Top of Extracted records
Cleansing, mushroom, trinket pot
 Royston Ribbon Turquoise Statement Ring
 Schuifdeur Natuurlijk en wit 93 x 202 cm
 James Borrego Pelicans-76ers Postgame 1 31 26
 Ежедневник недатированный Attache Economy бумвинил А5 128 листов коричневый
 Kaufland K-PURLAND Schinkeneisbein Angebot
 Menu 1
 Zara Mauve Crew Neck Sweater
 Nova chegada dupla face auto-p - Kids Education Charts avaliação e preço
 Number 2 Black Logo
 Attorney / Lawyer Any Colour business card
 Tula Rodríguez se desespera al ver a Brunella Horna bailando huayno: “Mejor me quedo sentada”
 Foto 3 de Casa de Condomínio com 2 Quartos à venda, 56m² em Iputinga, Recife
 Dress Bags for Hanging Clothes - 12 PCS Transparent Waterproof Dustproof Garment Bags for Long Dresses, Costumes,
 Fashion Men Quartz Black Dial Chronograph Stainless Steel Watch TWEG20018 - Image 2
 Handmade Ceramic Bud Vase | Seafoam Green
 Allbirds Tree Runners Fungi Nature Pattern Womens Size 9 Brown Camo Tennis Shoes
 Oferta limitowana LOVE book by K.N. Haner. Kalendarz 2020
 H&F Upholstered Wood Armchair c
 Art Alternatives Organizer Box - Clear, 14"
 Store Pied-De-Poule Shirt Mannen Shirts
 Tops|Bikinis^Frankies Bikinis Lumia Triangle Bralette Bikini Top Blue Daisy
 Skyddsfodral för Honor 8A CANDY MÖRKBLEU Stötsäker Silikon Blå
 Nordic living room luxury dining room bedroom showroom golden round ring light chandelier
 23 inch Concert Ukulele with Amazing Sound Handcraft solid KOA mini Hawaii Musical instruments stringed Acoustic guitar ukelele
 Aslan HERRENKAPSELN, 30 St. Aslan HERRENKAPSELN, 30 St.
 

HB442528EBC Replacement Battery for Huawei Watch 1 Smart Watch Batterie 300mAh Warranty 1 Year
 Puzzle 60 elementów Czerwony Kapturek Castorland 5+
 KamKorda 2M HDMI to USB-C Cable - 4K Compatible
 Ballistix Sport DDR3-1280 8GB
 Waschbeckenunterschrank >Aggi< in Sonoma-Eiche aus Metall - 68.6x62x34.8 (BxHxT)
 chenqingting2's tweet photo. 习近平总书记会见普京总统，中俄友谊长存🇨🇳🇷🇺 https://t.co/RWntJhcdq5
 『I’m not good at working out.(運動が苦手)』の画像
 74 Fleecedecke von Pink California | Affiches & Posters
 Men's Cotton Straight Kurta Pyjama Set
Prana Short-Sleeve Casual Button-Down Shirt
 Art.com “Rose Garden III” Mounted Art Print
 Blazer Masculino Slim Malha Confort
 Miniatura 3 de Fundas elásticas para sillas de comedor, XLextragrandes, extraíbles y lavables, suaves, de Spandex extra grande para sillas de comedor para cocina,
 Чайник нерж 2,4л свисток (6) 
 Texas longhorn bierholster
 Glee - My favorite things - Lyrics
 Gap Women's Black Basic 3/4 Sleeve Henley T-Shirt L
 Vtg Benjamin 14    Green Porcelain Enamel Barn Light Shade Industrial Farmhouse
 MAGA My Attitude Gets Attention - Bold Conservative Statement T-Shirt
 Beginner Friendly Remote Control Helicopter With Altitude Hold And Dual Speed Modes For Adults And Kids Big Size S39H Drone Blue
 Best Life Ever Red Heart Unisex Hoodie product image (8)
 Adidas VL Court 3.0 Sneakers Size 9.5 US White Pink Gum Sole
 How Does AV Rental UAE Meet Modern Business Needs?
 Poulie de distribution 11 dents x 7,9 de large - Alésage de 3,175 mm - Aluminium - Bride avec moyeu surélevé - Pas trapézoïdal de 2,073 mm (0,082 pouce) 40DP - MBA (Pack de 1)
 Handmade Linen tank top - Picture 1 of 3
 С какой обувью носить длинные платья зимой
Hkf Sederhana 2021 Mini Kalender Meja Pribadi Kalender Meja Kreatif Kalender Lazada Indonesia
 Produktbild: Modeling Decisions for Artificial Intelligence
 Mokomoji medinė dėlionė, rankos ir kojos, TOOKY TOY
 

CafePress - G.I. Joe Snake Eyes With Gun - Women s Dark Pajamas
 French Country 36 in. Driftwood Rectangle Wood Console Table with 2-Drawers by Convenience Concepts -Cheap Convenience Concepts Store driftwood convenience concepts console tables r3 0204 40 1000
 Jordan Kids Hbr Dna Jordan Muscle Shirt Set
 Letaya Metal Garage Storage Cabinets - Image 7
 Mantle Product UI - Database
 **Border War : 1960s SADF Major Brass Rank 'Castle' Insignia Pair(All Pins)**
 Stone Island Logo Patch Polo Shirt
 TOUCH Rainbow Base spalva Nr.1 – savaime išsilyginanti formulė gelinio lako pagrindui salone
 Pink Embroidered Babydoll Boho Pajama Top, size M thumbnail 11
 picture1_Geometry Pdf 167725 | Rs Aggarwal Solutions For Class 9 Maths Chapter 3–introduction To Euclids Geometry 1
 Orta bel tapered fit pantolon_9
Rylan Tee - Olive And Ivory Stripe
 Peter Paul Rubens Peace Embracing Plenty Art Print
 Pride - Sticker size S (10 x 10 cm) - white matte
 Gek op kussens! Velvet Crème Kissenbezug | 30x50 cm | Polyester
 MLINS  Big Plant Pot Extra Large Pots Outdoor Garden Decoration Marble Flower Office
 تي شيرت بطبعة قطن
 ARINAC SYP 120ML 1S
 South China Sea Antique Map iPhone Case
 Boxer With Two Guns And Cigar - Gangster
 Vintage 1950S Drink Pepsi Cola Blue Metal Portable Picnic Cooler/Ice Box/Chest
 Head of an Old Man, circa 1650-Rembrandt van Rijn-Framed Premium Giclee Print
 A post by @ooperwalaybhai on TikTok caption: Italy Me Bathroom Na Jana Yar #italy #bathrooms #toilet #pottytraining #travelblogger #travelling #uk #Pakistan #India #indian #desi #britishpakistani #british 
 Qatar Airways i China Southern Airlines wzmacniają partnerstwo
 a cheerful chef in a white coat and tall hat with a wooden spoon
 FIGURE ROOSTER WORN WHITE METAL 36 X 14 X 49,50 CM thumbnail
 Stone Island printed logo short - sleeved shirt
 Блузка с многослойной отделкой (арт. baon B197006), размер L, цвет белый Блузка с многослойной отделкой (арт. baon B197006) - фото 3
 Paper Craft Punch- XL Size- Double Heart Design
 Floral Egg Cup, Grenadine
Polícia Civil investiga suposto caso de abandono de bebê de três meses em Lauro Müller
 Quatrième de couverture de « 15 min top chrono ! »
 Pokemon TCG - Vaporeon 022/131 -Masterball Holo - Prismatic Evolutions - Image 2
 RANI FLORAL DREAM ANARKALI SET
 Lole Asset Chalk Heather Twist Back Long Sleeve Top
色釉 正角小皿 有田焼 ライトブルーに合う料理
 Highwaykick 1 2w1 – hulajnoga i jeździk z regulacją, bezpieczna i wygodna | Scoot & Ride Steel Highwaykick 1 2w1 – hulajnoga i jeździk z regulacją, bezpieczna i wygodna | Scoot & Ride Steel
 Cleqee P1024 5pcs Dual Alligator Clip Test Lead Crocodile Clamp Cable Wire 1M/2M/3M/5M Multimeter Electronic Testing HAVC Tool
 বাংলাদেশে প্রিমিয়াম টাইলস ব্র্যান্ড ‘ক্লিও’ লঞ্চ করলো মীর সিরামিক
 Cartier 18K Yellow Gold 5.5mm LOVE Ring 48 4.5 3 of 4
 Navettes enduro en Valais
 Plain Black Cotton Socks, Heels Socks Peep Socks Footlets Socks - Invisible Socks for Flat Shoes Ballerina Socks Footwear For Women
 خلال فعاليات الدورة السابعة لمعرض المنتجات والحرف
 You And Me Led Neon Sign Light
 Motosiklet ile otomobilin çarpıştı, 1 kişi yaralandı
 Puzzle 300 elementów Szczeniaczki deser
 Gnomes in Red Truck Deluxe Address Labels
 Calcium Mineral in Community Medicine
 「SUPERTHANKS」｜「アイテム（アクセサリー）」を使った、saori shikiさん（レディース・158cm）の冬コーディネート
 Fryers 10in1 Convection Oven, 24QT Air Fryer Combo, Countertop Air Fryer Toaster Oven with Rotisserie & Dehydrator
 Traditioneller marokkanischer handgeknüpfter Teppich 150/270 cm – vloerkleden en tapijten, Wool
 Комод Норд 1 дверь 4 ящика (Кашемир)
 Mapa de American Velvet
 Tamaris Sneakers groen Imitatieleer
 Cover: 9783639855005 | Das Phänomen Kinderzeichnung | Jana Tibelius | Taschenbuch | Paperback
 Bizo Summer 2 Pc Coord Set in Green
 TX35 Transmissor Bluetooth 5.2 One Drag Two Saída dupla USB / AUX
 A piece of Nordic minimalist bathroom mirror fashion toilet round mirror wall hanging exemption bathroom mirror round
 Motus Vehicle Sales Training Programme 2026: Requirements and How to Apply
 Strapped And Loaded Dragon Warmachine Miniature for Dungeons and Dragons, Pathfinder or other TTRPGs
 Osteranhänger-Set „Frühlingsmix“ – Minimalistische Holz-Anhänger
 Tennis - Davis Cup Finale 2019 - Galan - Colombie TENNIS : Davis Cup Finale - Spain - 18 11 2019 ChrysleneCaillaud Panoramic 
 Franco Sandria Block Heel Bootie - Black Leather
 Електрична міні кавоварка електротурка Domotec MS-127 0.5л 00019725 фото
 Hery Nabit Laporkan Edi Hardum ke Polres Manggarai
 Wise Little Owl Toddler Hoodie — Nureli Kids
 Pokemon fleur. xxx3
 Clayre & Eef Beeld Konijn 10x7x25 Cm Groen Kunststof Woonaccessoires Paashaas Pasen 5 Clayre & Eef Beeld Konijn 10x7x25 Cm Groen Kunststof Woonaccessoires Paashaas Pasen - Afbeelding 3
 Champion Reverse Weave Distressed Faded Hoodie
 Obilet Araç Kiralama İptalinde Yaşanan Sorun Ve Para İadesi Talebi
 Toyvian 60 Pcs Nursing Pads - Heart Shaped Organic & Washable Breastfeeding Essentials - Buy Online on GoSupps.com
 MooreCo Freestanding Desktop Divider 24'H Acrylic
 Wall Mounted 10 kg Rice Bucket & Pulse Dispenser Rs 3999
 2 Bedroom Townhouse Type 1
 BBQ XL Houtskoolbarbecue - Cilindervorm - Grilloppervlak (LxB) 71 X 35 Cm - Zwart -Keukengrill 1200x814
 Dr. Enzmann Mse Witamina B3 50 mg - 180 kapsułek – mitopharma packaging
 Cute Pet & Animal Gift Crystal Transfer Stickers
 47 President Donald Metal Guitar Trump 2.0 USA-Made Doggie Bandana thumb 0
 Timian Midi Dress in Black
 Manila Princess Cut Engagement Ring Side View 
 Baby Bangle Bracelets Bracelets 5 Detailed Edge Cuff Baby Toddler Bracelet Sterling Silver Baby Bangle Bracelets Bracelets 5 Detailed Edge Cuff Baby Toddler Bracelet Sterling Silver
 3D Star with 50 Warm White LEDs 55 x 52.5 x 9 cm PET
Bottom of Extracted records
Work to be completed -> Restate word for word the entries above, starting at the line with "South China Sea Antique Map iPhone Case" and ending at the line with "A post by @ooperwalaybhai", inclusive, and no others.

Answer section ->
 South China Sea Antique Map iPhone Case
 Boxer With Two Guns And Cigar - Gangster
 Vintage 1950S Drink Pepsi Cola Blue Metal Portable Picnic Cooler/Ice Box/Chest
 Head of an Old Man, circa 1650-Rembrandt van Rijn-Framed Premium Giclee Print
 A post by @ooperwalaybhai on TikTok caption: Italy Me Bathroom Na Jana Yar #italy #bathrooms #toilet #pottytraining #travelblogger #travelling #uk #Pakistan #India #indian #desi #britishpakistani #british 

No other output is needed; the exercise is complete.